Die Testgüsse „Brückenglied“
In Abb. 4 ist zu erkennen, dass mit einem Verteilerbalken von 5 mm gearbeitet wurde, der mit einem Gusskanal von 3,5 mm im Abstand von zirka 2,5mm mit dem Brückenglied verbunden war. Trotz einer Vorwärmtemperatur von 950 °C war die Oberflächenrauigkeit nicht so ausgeprägt wie beim Steg. Allerdings war auch die vergossene Metallmenge mit 9 g erheblich geringer wie beim Guss des Steges. Unbefriedigend war der erhebliche Sauglunker trotz des Gussreservoirs. Aufgrund des vorherigen Ergebnisses wurde das Reservoir in einem Abstand von zirka 10 mm zum Brückenglied im Hitzezentrum an den Zuführungskanal festgewachst. Ein Trennschnitt durch den Gusskanal nach dem Guss (Abb. 5) zeigt, dass bei dieser Vorgehensweise das Gussreservoir seinen eigentlichen Zweck erfüllt. Auch bei den Brückengliedern ergab ein Absenken der Vorwärmtemperatur auf 800 °C die besten Gussoberflächen. Die Direktzuführung eines 3,5 mm Gusskanals sorgt für ein schnelles Einfließen der Schmelze in die Form und das Arbeiten ohne Verteilerbalken für eine weniger turbulente Strömung der einschießenden Schmelze.
Die Testgüsse „Brücke“
Neben einer Verbesserung der Gussoberfläche (Abb. 6) zeigte sich, dass bei den gegebenen Gussbedingungen auch bei einer abgesenkten Vorwärmtemperatur auf 800 °C die Kronenränder einer Brücke ausfließen und scharfkantig gezeichnet sind (Abb. 7). Abgerundete Kronenränder würden auf ein zu schnelles Erstarren der Schmelze hinweisen. Die 13-gliedrige Brücke in Abbildung 8 zeigt, dass es nicht notwendig ist, jedes einzelne Brückenglied mit einem Gusskanal zu versorgen. Benachbarte Kronen und Brückenglieder wurden mit jeweils einem 3,5 mm Gusskanal in der Mitte „angestiftet“. Das Gussreservoir wurde nach dem vorherigen Prinzip geplant (Abb. 9). Diese Vorgehensweise erleichtert das Abtrennen der Gusskanäle und minimiert das Risiko, die Kronenkäppchen mit der Trennscheibe zu perforieren. Ein Schleifverlust kann beim Arbeiten mit CoCr-Legierungen im Gegensatz zu Edelmetall völlig vernachlässigt werden. Eine Direktversorgung mit Gusskanälen hat bei einer weitspannigen Brücke den Nachteil, dass die Wachsmodellation nicht zusätzlich durch einen Verteilerbalken beim Abheben stabilisiert wird. Trotzdem war die Passung präzise (Abb. 10).

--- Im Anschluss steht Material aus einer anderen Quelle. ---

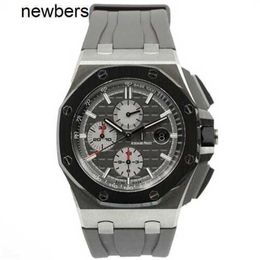 Luxury Aps Factory Audemar Pigue Watch Swiss Movement 44mm Royal Oak Offshore 26400IO OO A004CA.01 B P timing code table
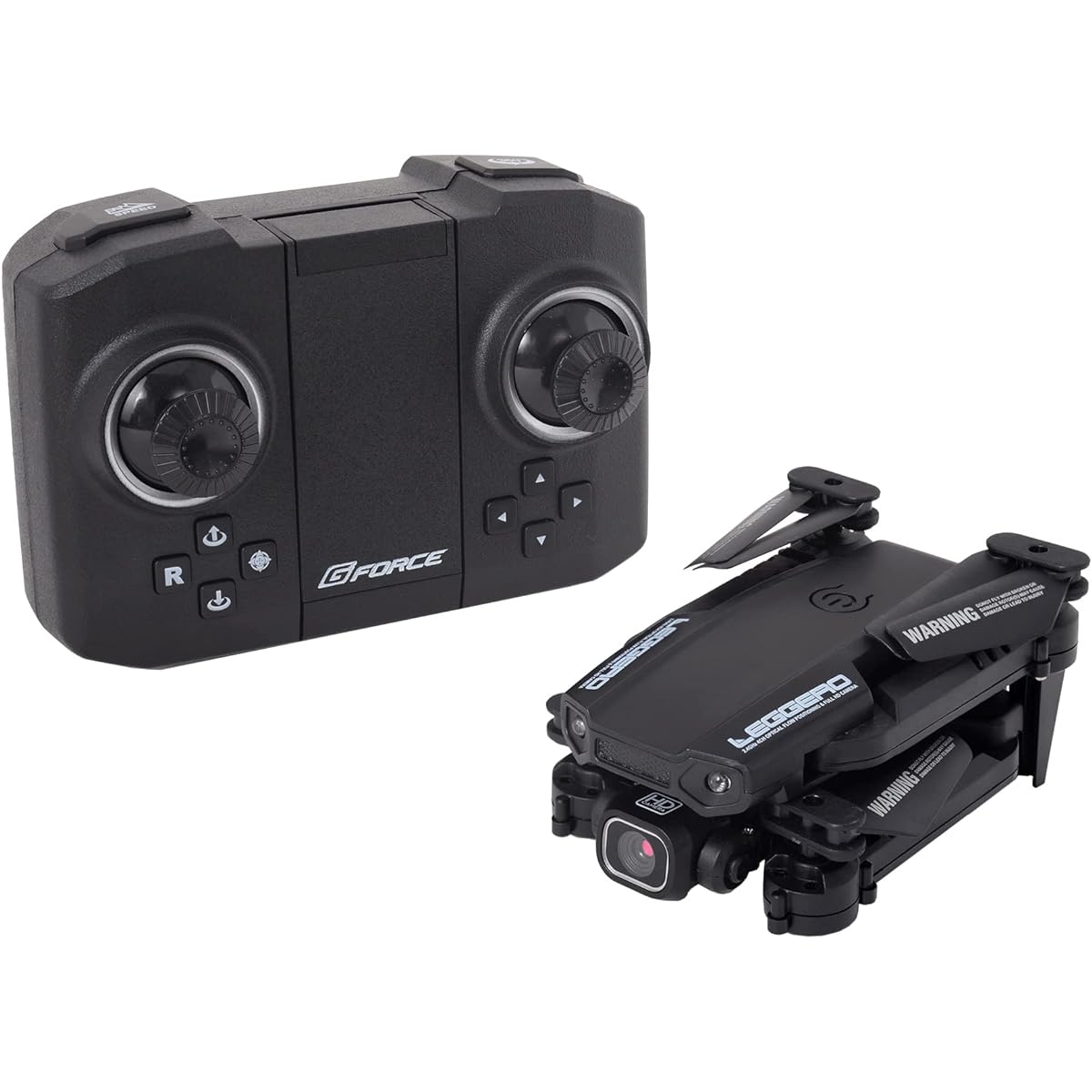 G-Force Leggero Black Foldable Drone GB180 Japanese Genuine Product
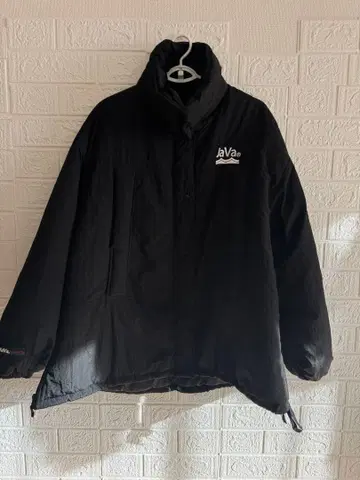 JaVa 블랙 다운 자켓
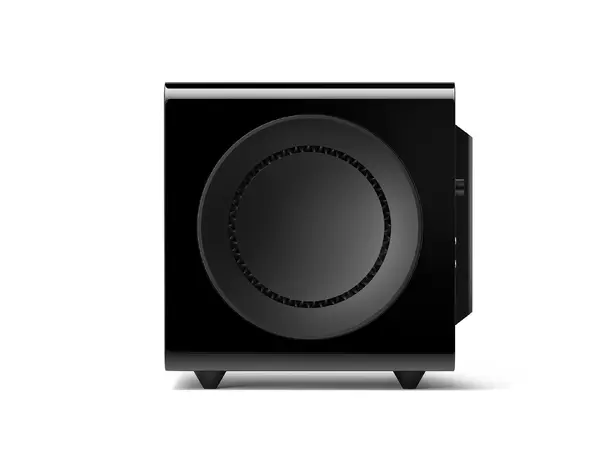 KEF KC92 - Sort høyglans Subwoofer 2x9" - Force cancelling 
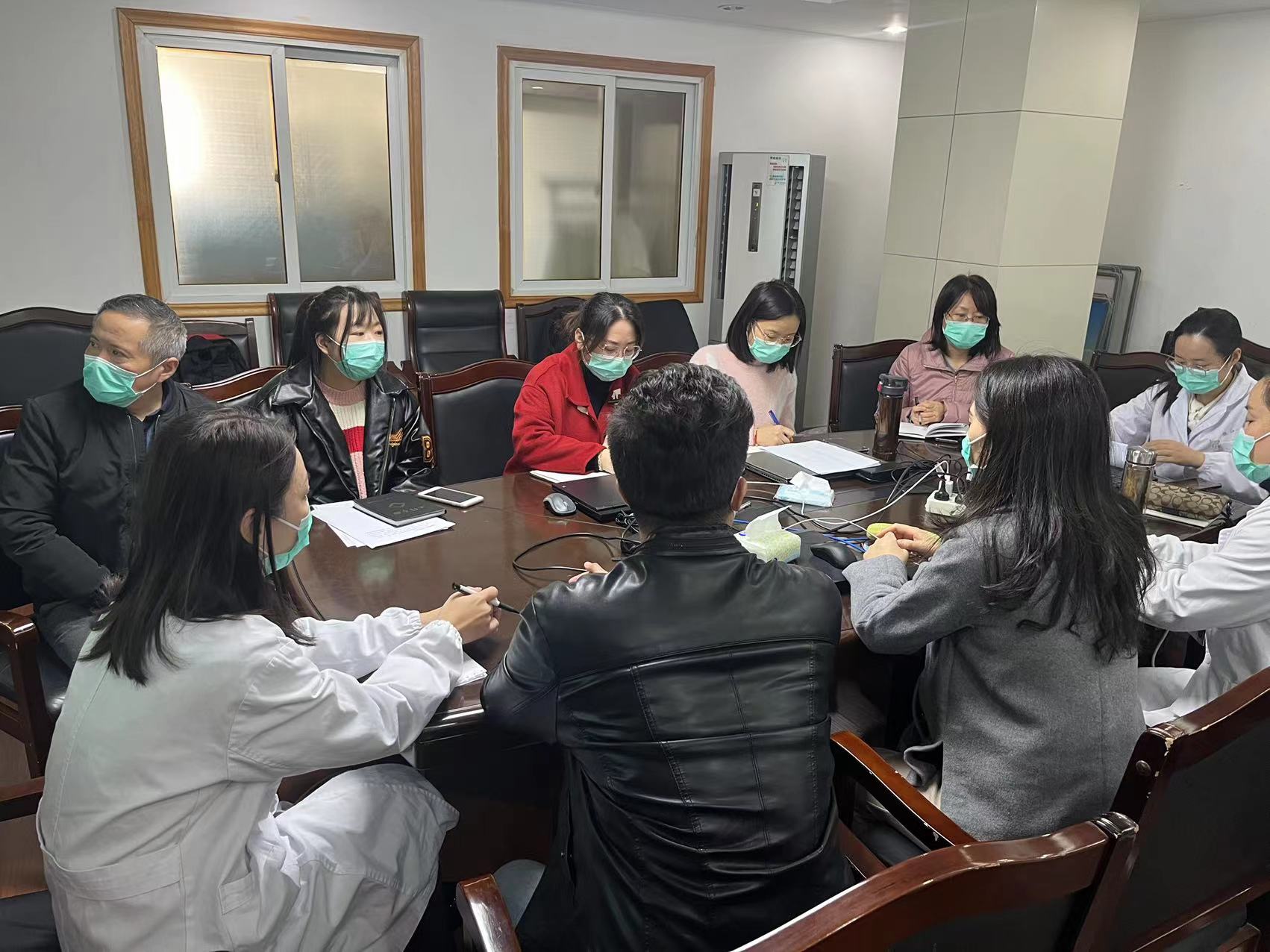 财经部组织召开运营管理项目小组首次汇报讨论会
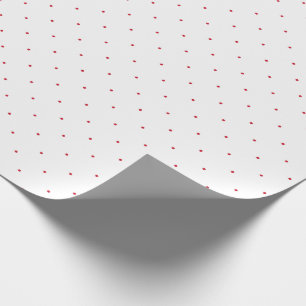 Red Polka Dot Cadeaupapier
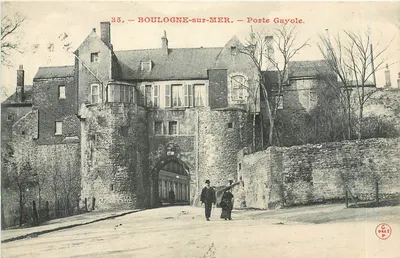 Boulogne-sur-Mer — Porta Gayole — editor G. Desp. n°35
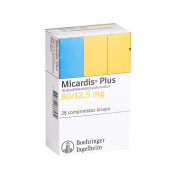 Micardis Plus 80 mg/12.5 mg 28 Comprimidos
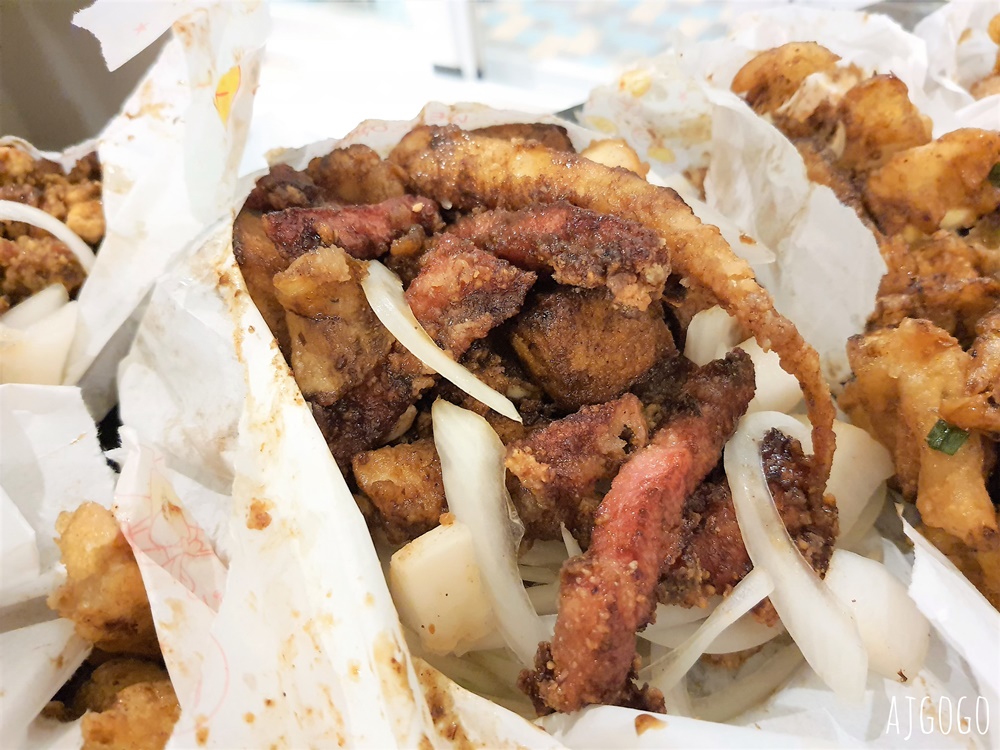 南投美食 麗鳳(品麗)鹽酥雞 南投魚池日月潭美食 中午就要電話預約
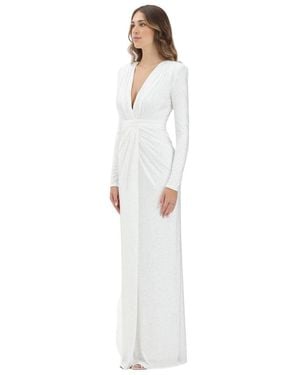 alma sanchez Gowns - White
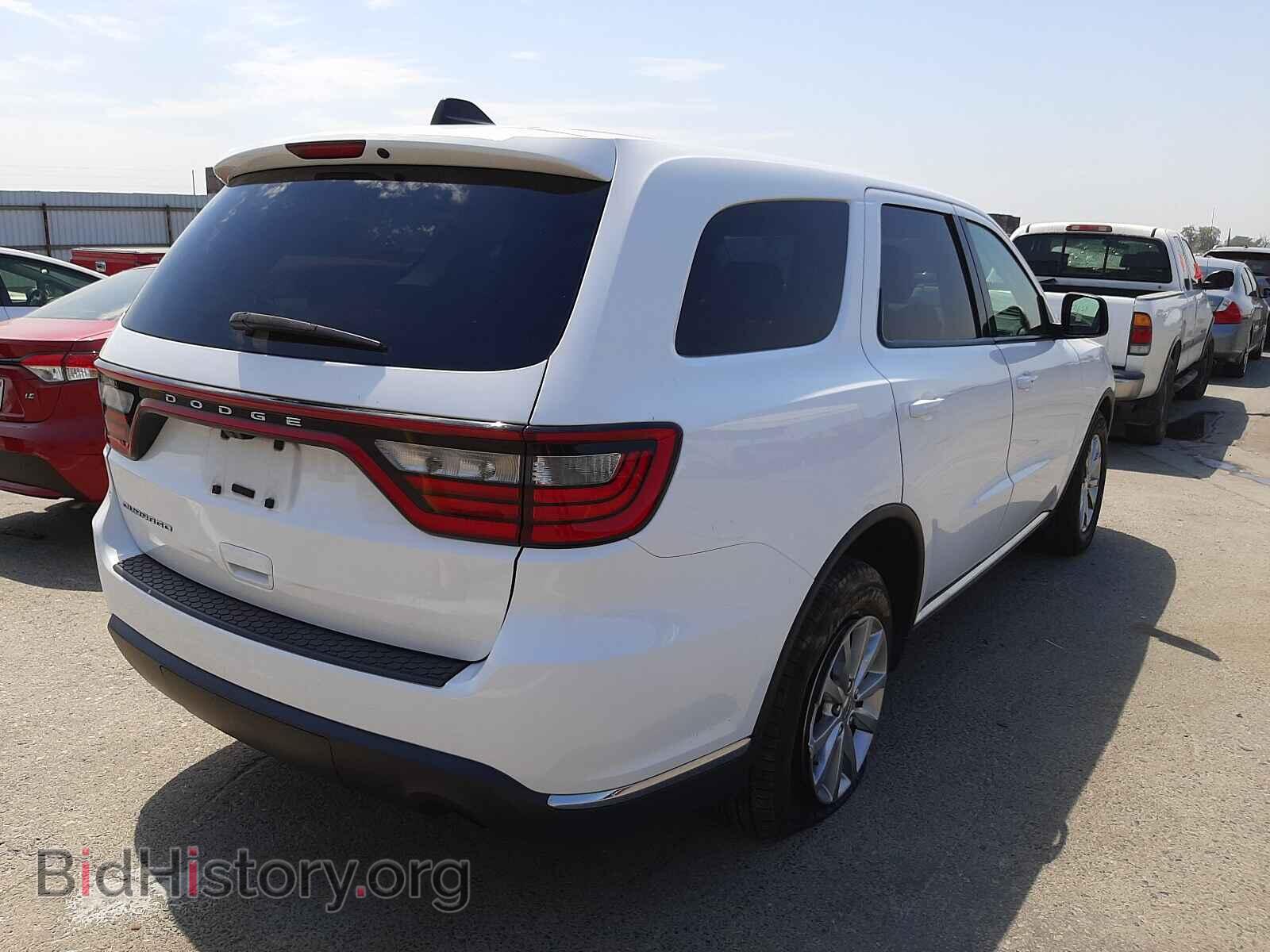 2018 DODGE DURANGO - VIN: 1C4RDHAG6JC169980 - Фото 4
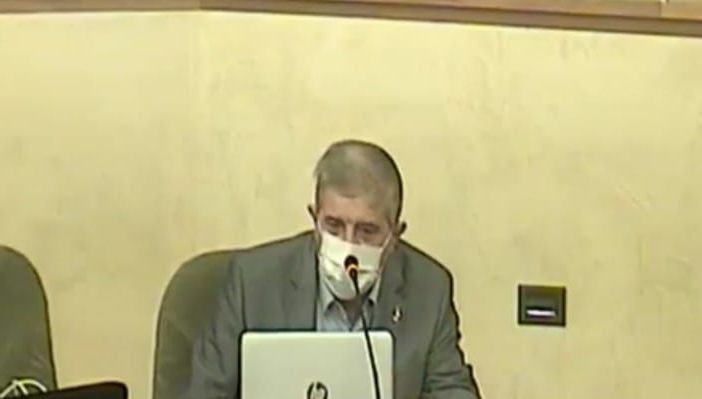 Regione, il consigliere Poggio torna dopo due mesi di terapia intensiva per Covid: &quot;Ora sto bene&quot;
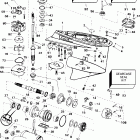 J90SPLSSC Elec. Start, TNT, 20 IN. shaft, wht Gearcase - 90 and 115 pl, spl, and vl models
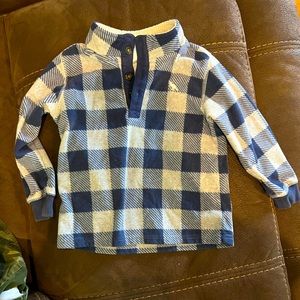 Boys Carters Fleece Pullover 3T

Anmerkungen aus metallurgischer Sicht
Die zahntechnischen Ergebnisse dieser Versuchsreihen zeigen, dass die Erkenntnisse des technischen Feingusses auch auf die Zahntechnik übertragen
werden können: Materialanhäufungen vermeiden, Gießtemperaturen nur so hoch wie unbedingt nötig, Speisung von dick nach dünn, ausreichend dimensionierte Speiser im Hitzezentrum.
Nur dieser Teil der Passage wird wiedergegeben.